Note that in the context of climate science, my position is on the side of this being a fallacy and bad thing to do. A lot of people are endorsing global warming without having looked at the data, because they already "know" from the public debate what the right answer is. It was a climate scientist who said "No scientist who wishes to maintain respect in the community should ever endorse any statement unless they have examined the issue fully themselves." But I can certainly understand that most people don't want to spend five or ten years studying the science and data to come to a conclusion. It's a defect in reasoning, but it's a forgivable one.

April 2, 2016 | Unregistered CommenterNiV

Dan -

==> Everyone has same stake. Everyone gains from forming beliefs that reliably trigger display of identity-expressive attitudes.

I should have been clearer that I was speaking to particular contexts. Not everyone has the same to gain from reinforcing beliefs related to climate change, or other specific issues. Not even close. Obviously, you're aware of that.

I wonder whether people more inclined towards system 2 processing (at least as how you examine for it - I'm not convinced it is a generalizable characteristic as you define it) are likely, on average, to have more identity-oriented belief formation at stake on a variety of particular issues, with climate change being one, and perhaps more generally on those types of issues that lend themselves towards the gathering and evaluation of arcane scientific or other technical evidence.

I think that explanations of plausible mechanism is important for teasing out the distinction between correlation and causation. I see no particularly plausible mechanism that explains why more scientific literacy, or more reliance on system 2 reasoning, would increase polarization along specific ideological lines of identity. I don't think that a given person would increase in their identity-oriented beliefs, say about climate change, simply as a function of knowing more about climate change. Sure, they might be better at formulating certain types of arguments to support their identification, but why would their particular skill or knowledge set make them more inclined towards political polarization?

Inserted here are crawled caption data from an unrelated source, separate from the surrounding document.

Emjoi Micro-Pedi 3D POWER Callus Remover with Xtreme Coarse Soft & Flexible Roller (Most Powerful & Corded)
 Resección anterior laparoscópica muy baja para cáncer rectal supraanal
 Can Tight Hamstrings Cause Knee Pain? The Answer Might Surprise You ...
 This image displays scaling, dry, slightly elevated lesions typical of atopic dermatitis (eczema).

A more plausible explanation, it seems to me, is that people who are more inclined towards polarization on certain issues would be more inclined to develop a skill or knowledge set that would manifest as evidence in the data you collect.

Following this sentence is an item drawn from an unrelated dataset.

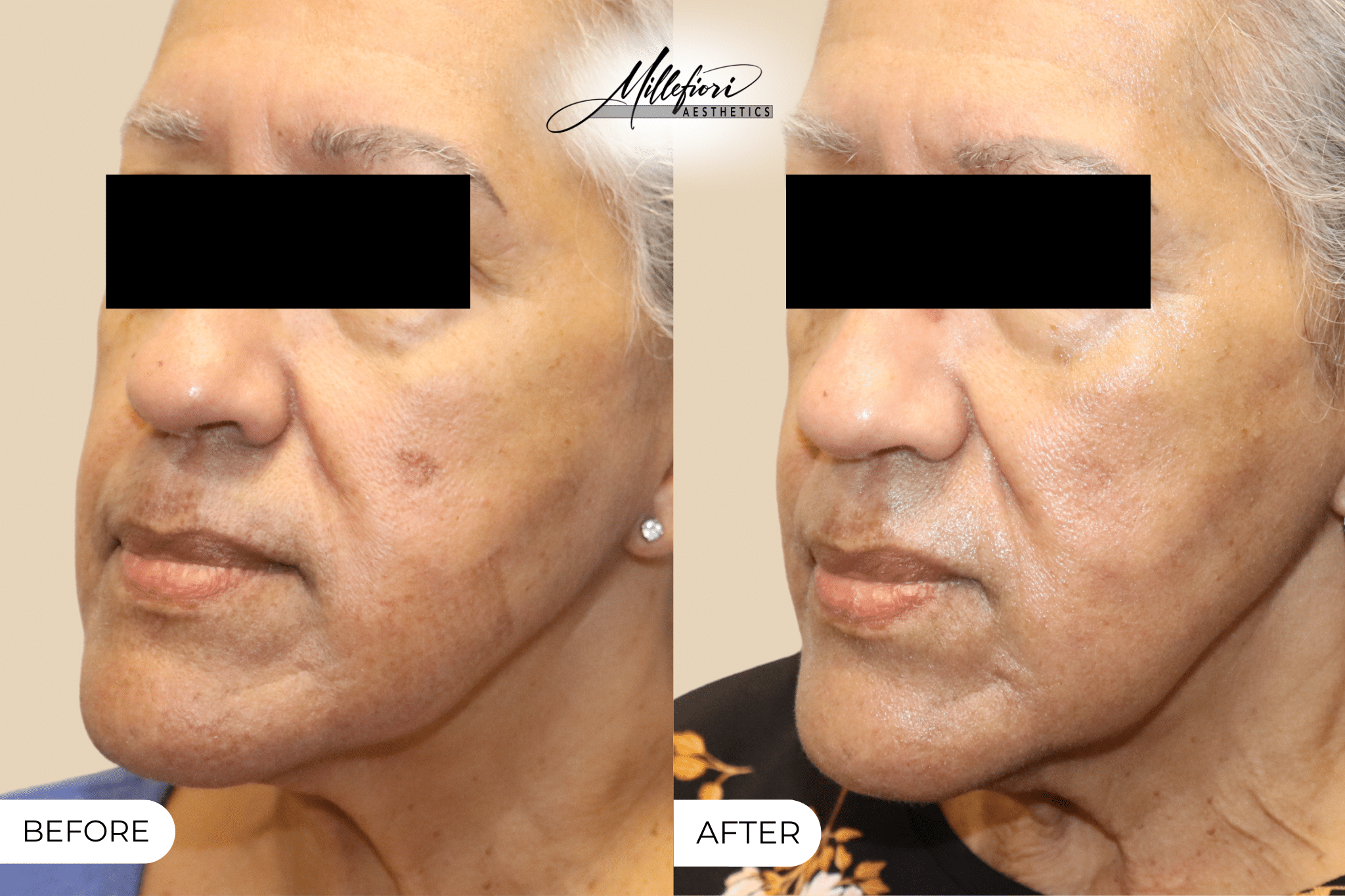 Before and After Image: PicoSure Laser – Before & After (Case 3) - front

==> But how readily one can form such beliefs is a function of reasoning proficiencies that contribute to information processing geared toward forming them. Those higher in system 2 thus more reliably form such beliefs than do people low in system 2.

???

Again, I just don't get - from my life experiences - that people who are more inclined towards system 2 reasoning are, in general "more reliably" than those more inclined, relatively towards system 1 reasoning. I guess I don't know what you mean by "more reliably form" beliefs. How does one "reliably form" beliefs?

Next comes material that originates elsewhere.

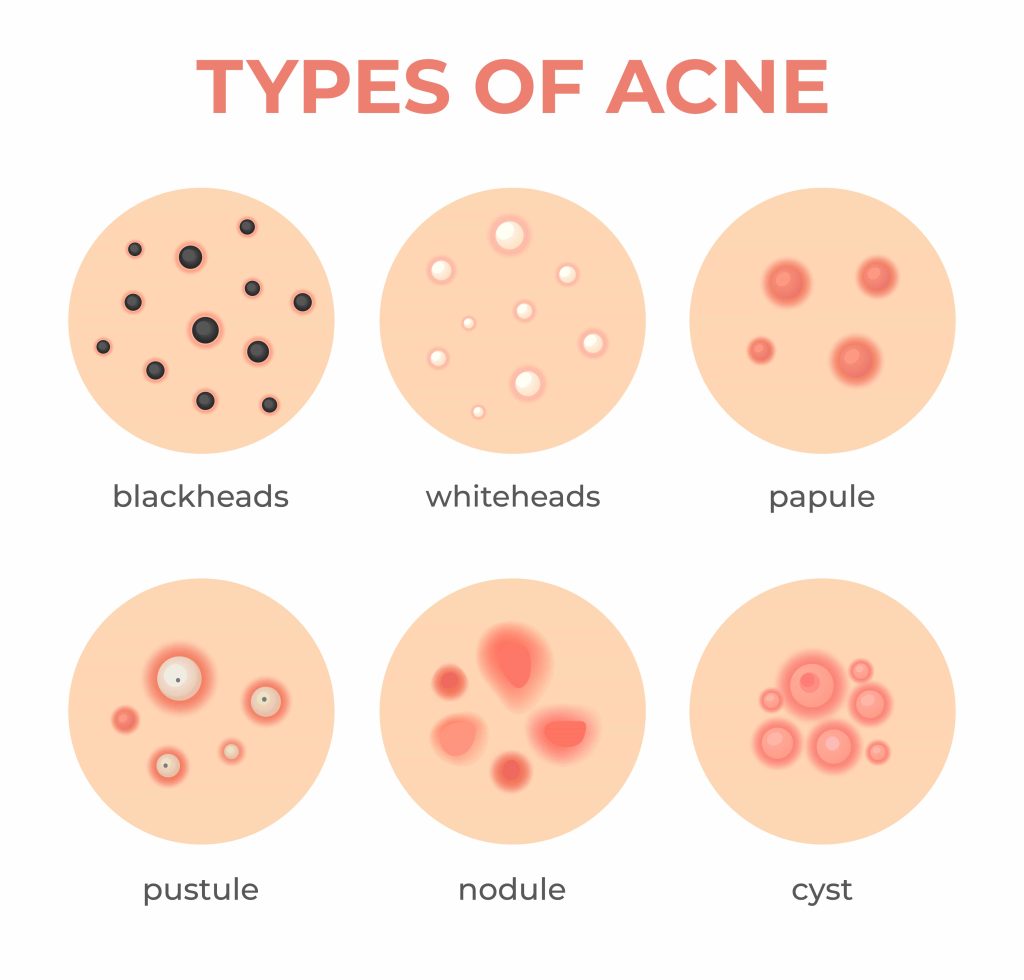 acne treatment specialist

==> Or in short, people use whatever cognitive resources they have to attain this end. Those higher in system 2 reasoning cpacity have greater resources.

I don't get this either. How would the variety of cognitive resources explain someone's ability to formulate beliefs (which seems to be the "end" that you were describing). I don't see some causality between "cognitive resources" of the type you're describing and the capacity to formulate beliefs.

As I see it, they would have greater resources for expressing those beliefs in particular ways, and they might have a greater proclivity to be identified on certain issues (and thus, develop the skills and abilities to express their views on those issues).

April 6, 2016 | Unregistered CommenterJoshua

sorry, got my "reliably" crossed with my "readily."

Again, I just don't get - from my life experiences - that people who are more inclined towards system 2 reasoning are in general [formulate beliefs] "more readily" than those more inclined, relatively towards system 1 reasoning. I guess I [also] don't know what you mean by "more reliably form" beliefs. How does one "reliably form" beliefs?